Oracle is on a legal losing streak. First, it lost to Google in its attack on Android. And, now the Court of Justice of the European Union (CJEU), the EU’s equivalent of the U.S. Supreme Court, has ruled against Oracle in a software copyright case. Specifcally, the CJEU ruled that “Where the copyright holder makes available to his customer a copy—tangible or intangible—and at the same time concludes, in return [for] payment of a fee, a license agreement granting the customer the right to use that copy for an unlimited period, that rightholder sells the copy to the customer and thus exhausts his exclusive distribution right.” In short, you can and buy sell downloaded used software in the EU… and that suggests that you might be able to resell used e-books, digital music, and video as well.
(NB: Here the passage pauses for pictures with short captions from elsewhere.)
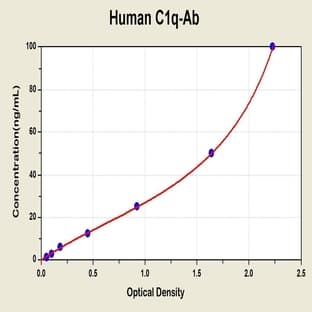 Anti-Complement 1q Antibody ELISA Kit avatar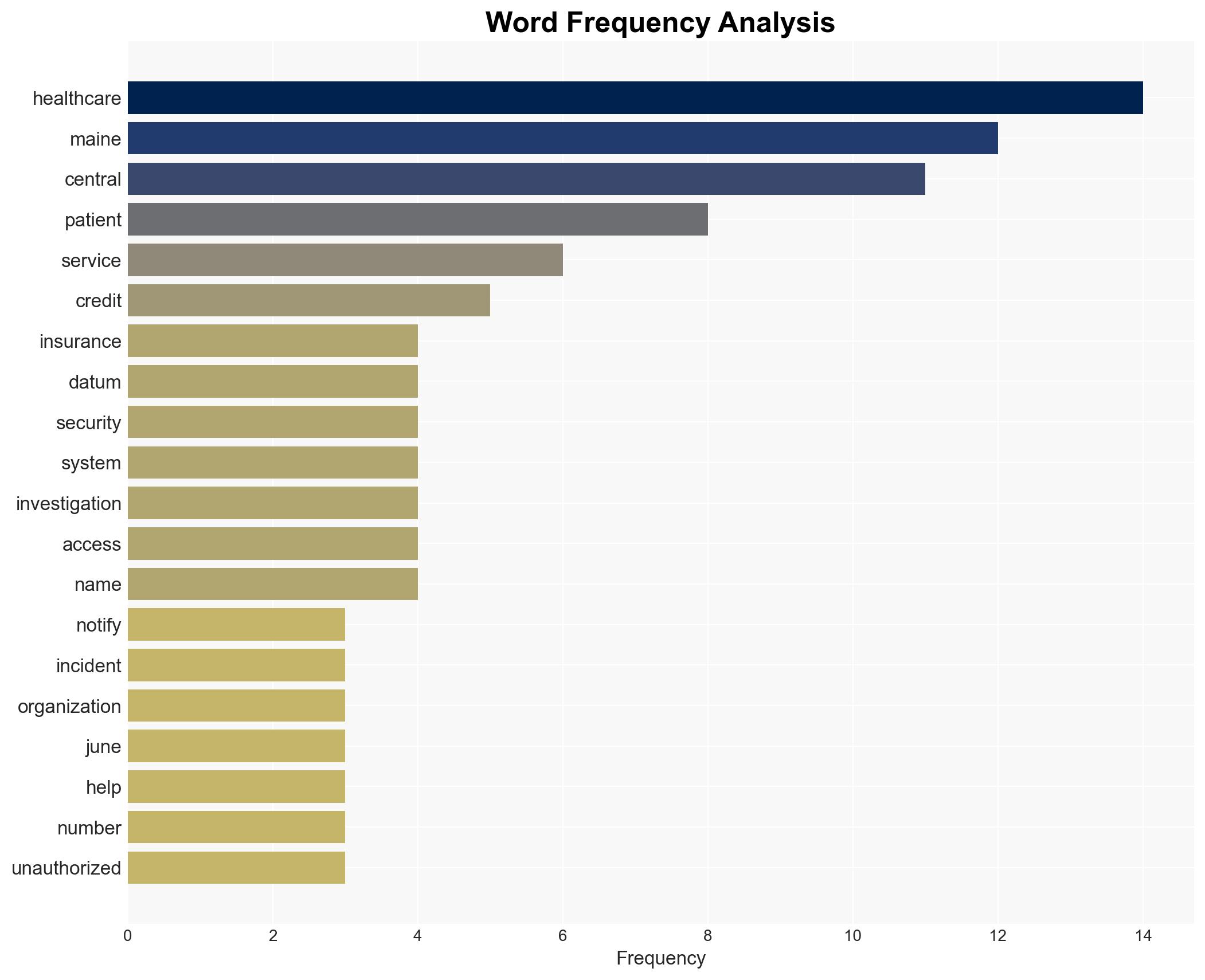 Central Maine Healthcare data breach impacted over 145000 patients - Image 3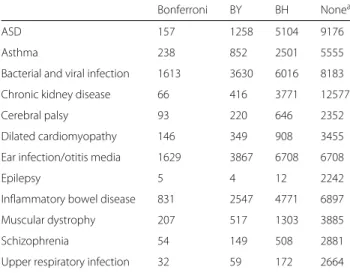 Table 2 Number of differentially expressed genes selected under different FDR corrections for different diseases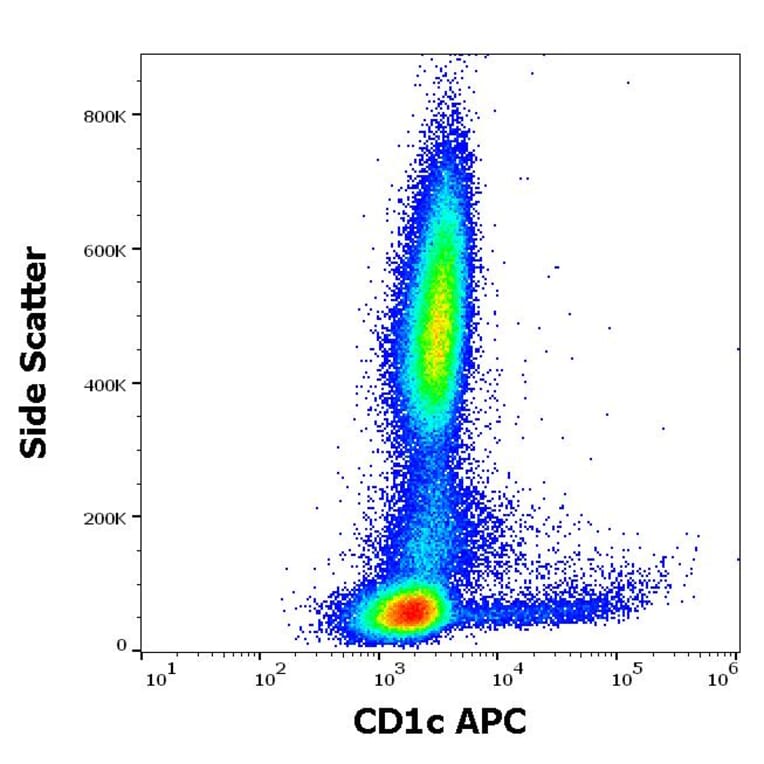 Flow Cytometry - Anti-CD1c Antibody [L161] (APC) (A121893) - Antibodies.com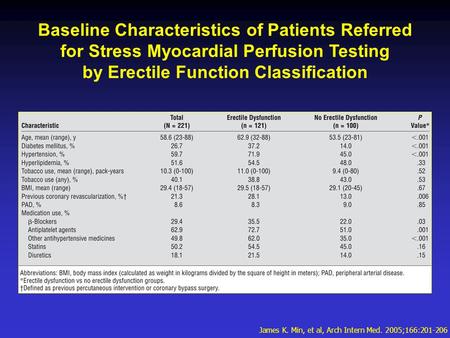 Baseline Characteristics of Patients Referred for Stress Myocardial Perfusion Testing by Erectile Function Classification James K. Min, et al, Arch Intern.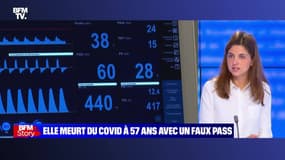 Story 9 : Faut-il appliquer la vaccination obligatoire pour limiter la propagation du virus ? - 10/12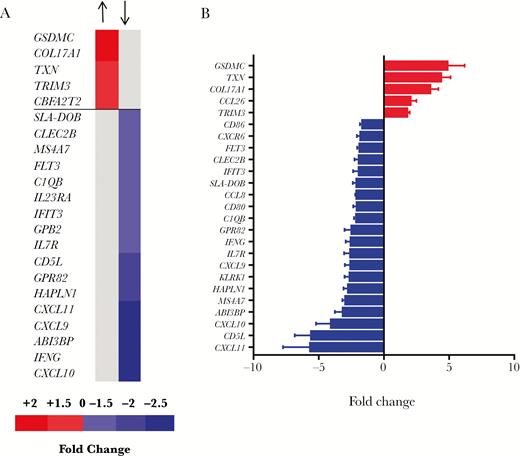 Ascaris suum infection downregulates immune and inflammatory-related genes in the pig jejunal mucosa. A, Differentially expressed genes identified by microarray in the jejunal mucosa of pigs infected with adult Ascaris suum, relative to uninfected pigs. Shown are all significantly upregulated genes and the top 20 downregulated genes as ranked by fold change (see Supplementary Material for full list of all downregulated genes). B, Quantitative PCR validation of selected differentially expressed genes, ranked by fold change. Shown is the mean ± SEM For all genes, relative expression is different between infected and uninfected pigs (P < .05 by Student t test), except IFIT3 (P = .065).
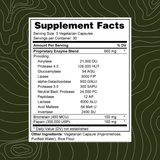 Digest / Digestive Enzymes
As Benoît Keane, a solicitor in England and Wales and a specialist in EU law put it in a recent blog post, “The rationale of this judgment could have major implications for other digitally available products, such as e-books and music, which are increasingly purchased through internet sites rather than in tangible formats.” The Recording Industry Association of America (RIAA) considers any attempt to resell digital music as willful copyright infringement (PDF Link). We can be certain that the Motion Picture Association of America (MPAA) would take a similarly dim view at attempts to resell used TV episodes and movies.
Some people also argue that there is no such thing as used software, but that argument doesn’t hold much water in the US or the EU.